Sempre que, ao atravessarem os caminhos, vissem uma papaia madura, uma manga ou uma banana a querer amadurecer entre dezenas de outras ainda verdes, lá estavam eles a “tufudjar” na horta alheia, correndo em cima de canteiros, de regos, amassando batatais e mandioqueiras, danificando tudo por conta de uma bananinha ou de uma manga. Se bo tivesse pdid n tava dób. Desgosód, fi de nasa! Diria, certamente, o agricultor santantonense.
Há oito anos, altura em que saiu “É Zonban” servindo de promoção ao álbum Kebrada, formou-se uma onda de indignação junto de certos rapazes da Cidade da Praia, que se terão sentido ofendidos na sua honra.

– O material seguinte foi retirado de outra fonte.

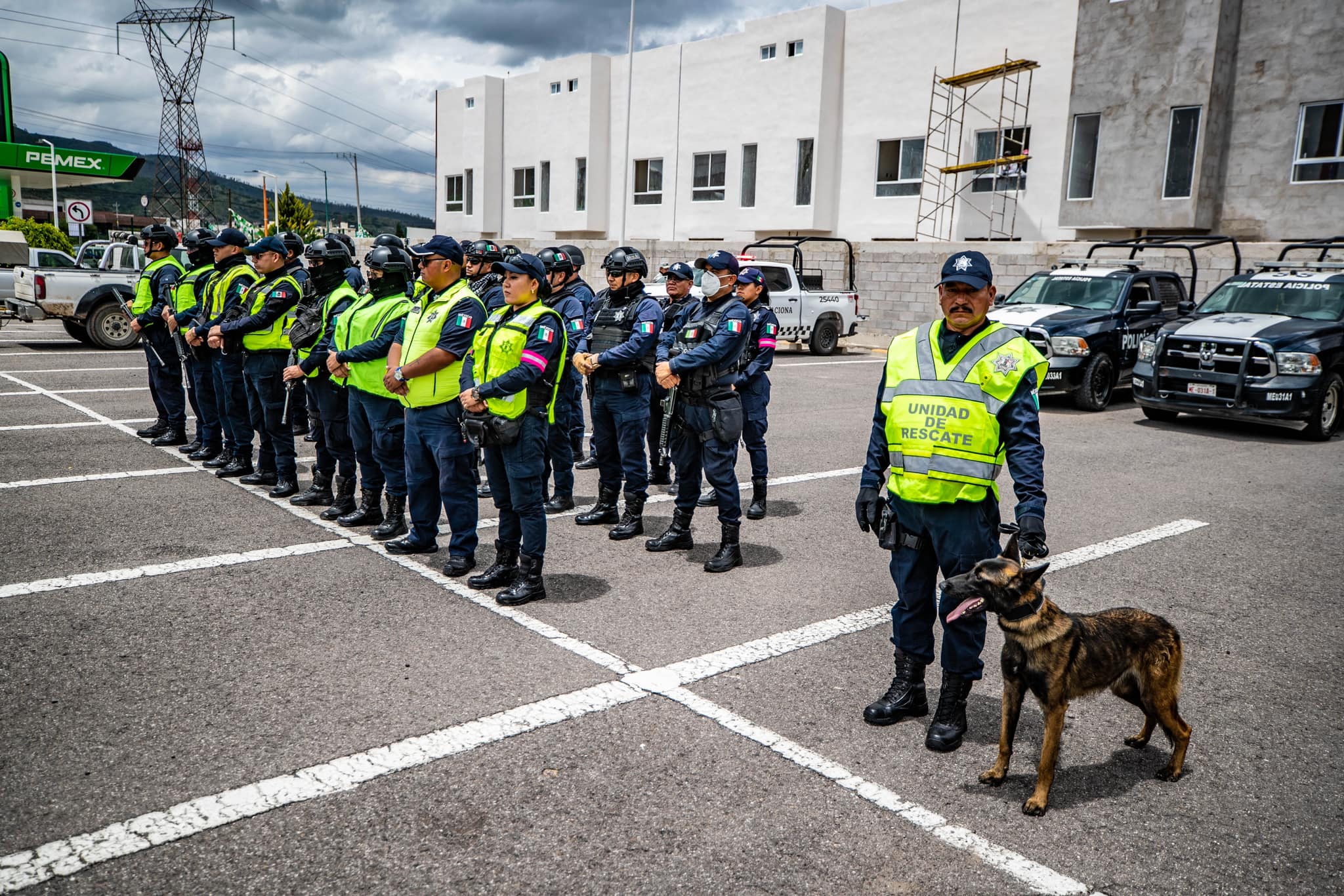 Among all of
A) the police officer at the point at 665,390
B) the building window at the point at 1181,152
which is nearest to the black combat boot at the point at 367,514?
the police officer at the point at 665,390

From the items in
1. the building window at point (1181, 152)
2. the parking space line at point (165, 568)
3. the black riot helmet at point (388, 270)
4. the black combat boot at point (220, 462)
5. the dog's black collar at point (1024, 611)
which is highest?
the building window at point (1181, 152)

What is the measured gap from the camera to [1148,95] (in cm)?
2300

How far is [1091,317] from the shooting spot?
14.4 m

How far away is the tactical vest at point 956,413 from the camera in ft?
12.7

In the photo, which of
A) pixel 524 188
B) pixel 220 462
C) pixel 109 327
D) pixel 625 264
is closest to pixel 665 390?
pixel 625 264

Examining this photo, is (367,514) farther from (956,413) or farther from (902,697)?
(956,413)

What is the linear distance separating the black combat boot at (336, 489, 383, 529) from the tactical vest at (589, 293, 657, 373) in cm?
193

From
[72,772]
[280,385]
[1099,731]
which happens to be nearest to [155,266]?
[280,385]

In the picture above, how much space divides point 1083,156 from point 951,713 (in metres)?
24.0

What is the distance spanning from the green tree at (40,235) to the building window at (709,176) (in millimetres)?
20130

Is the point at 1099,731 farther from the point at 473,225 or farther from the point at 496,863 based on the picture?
the point at 473,225

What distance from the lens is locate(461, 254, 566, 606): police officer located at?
5.59 metres

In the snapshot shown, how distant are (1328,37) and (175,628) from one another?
25124mm

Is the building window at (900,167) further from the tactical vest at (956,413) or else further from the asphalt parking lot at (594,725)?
the tactical vest at (956,413) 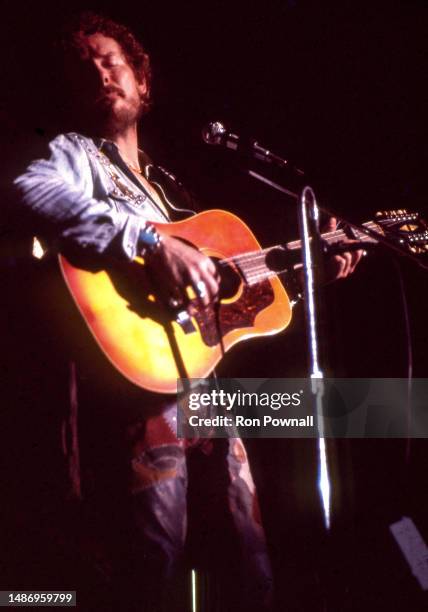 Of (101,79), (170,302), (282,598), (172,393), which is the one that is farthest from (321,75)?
(282,598)

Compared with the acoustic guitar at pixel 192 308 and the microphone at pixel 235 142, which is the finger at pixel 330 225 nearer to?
the acoustic guitar at pixel 192 308

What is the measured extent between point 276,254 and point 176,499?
99cm

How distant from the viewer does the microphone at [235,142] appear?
1783 mm

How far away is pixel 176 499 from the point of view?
1.59m

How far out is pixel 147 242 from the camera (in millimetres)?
1652

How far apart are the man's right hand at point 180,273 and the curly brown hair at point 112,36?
3.94 feet

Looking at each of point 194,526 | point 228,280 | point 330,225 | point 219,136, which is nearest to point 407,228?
point 330,225

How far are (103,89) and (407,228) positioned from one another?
1.45 metres

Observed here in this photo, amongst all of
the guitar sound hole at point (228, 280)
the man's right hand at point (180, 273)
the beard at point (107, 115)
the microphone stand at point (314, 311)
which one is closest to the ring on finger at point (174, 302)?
the man's right hand at point (180, 273)

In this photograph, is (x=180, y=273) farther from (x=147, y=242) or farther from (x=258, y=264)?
(x=258, y=264)

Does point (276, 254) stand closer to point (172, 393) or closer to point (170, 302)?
point (170, 302)

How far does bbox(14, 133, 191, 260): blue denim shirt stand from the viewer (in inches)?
63.0

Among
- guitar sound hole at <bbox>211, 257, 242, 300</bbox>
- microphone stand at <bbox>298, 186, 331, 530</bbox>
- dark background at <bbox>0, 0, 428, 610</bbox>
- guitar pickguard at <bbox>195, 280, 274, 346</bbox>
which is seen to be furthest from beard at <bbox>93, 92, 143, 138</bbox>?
microphone stand at <bbox>298, 186, 331, 530</bbox>

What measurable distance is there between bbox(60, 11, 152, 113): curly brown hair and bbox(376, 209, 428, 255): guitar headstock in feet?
4.17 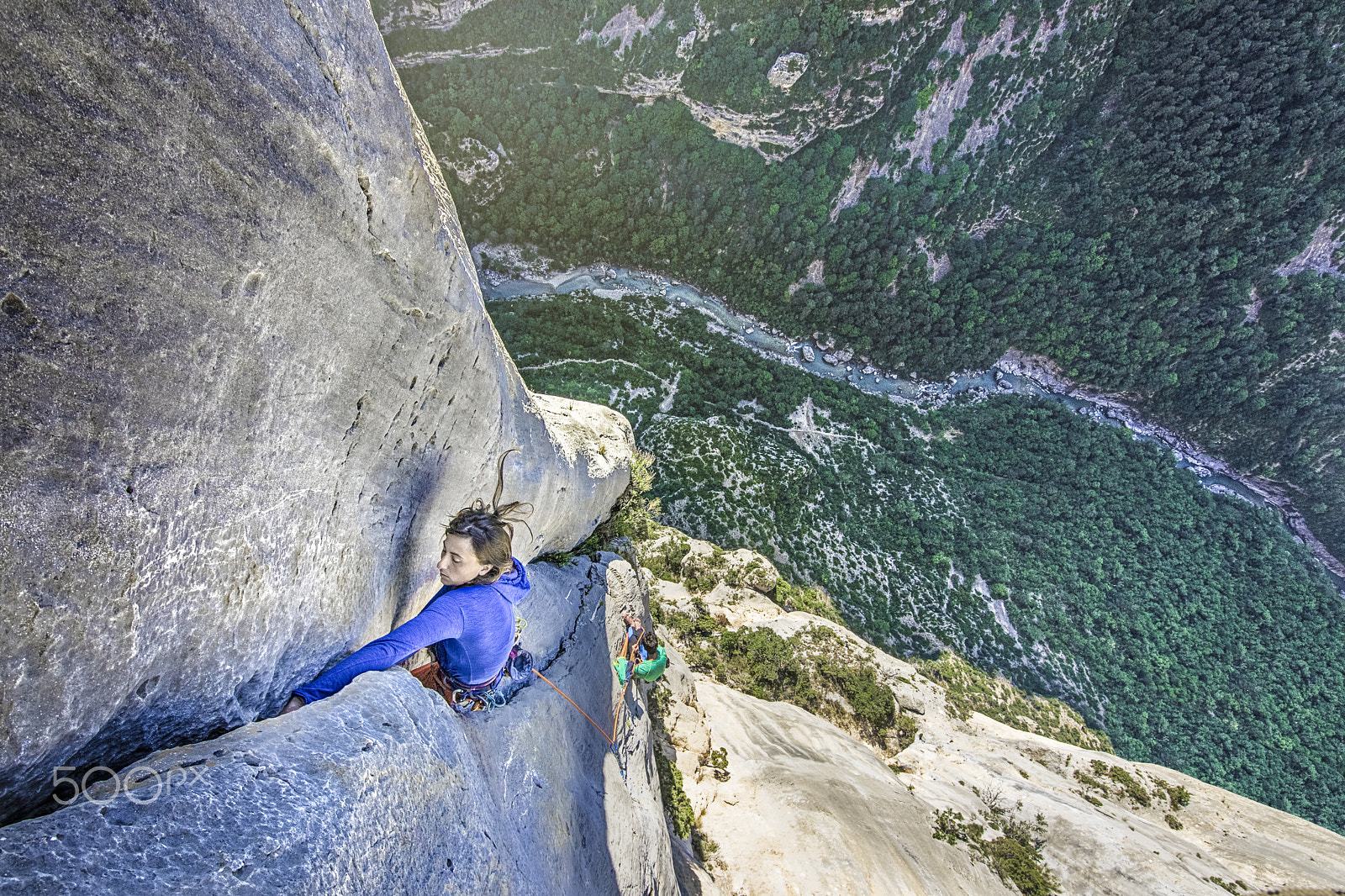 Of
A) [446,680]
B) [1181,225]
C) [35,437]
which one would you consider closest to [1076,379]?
[1181,225]

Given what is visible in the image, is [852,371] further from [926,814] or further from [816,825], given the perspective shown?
[816,825]

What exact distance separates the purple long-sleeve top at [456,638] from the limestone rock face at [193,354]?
2.18ft

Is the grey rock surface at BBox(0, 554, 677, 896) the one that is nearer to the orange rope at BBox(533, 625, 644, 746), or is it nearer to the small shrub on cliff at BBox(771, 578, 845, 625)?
the orange rope at BBox(533, 625, 644, 746)

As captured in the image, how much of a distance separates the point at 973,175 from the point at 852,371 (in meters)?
15.1

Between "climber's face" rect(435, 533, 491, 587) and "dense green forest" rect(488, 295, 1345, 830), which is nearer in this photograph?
"climber's face" rect(435, 533, 491, 587)

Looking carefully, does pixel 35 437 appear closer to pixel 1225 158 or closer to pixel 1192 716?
pixel 1192 716

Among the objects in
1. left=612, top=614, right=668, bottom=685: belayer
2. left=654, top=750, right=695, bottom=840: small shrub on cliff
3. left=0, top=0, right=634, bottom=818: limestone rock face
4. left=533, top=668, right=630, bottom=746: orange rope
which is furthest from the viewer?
left=654, top=750, right=695, bottom=840: small shrub on cliff

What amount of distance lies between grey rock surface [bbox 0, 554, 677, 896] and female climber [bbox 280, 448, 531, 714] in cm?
34

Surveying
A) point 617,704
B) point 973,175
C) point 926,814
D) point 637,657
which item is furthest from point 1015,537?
point 617,704

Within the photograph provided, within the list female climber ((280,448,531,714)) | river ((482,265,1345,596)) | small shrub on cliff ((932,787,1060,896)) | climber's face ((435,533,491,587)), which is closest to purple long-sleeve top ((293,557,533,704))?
female climber ((280,448,531,714))

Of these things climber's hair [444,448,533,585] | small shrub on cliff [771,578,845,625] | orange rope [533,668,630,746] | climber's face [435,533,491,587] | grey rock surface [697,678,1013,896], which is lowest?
grey rock surface [697,678,1013,896]

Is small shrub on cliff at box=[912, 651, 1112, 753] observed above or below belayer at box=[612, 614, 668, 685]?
above

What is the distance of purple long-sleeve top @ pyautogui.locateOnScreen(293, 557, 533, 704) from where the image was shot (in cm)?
406

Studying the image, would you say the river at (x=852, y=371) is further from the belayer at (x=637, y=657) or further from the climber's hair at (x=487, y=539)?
the climber's hair at (x=487, y=539)
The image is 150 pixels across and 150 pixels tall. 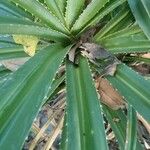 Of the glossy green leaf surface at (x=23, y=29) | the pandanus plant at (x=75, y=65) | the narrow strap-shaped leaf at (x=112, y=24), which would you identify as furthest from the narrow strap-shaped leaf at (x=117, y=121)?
the glossy green leaf surface at (x=23, y=29)

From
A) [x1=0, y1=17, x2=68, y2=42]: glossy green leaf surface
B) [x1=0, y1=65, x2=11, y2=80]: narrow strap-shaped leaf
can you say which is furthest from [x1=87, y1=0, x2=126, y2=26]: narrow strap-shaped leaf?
[x1=0, y1=65, x2=11, y2=80]: narrow strap-shaped leaf

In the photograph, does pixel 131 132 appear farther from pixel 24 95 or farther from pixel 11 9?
pixel 11 9

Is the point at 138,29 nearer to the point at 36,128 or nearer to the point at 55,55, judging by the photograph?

O problema não está no conteúdo da composição. O problema, penso, reside, aí sim, na interpretação. Muita gente tende a tomar as canções ao pé da letra, sem se dar ao trabalho de fazer um exercício, ainda que básico, de hermenêutica. E pior que não saber interpretar é pensar que cada criação é exatamente o reflexo do pensamento ou da vida do seu criador. Ainda pior é quando se toma por criador quem simplesmente interpretou. Nestes casos, ou ele colhe todos os louros ou então paga o pato inteiro. Na tal entrevista à RCV, Elida Almeida lamentava isso mesmo.
Curiosamente, a mesma ira dos indignados com “rapaz di Praia e so malandro” voltou a aparecer ainda em 2017 quando, em finais desse ano, foi lançado o álbum Kebrada. Um dos temas do reportório desse CD traz o “desconfortável” título “Grogu Kaba”.
Pamo ki grogu ki ka ta kaba
Pamo taberna keta ka ta fitxa
Pamo ki txuba ka ta kai na txom kram
Homis ta mondu bua ta kai la lugar
Ah, antes de N latxi, deixo este lembrete.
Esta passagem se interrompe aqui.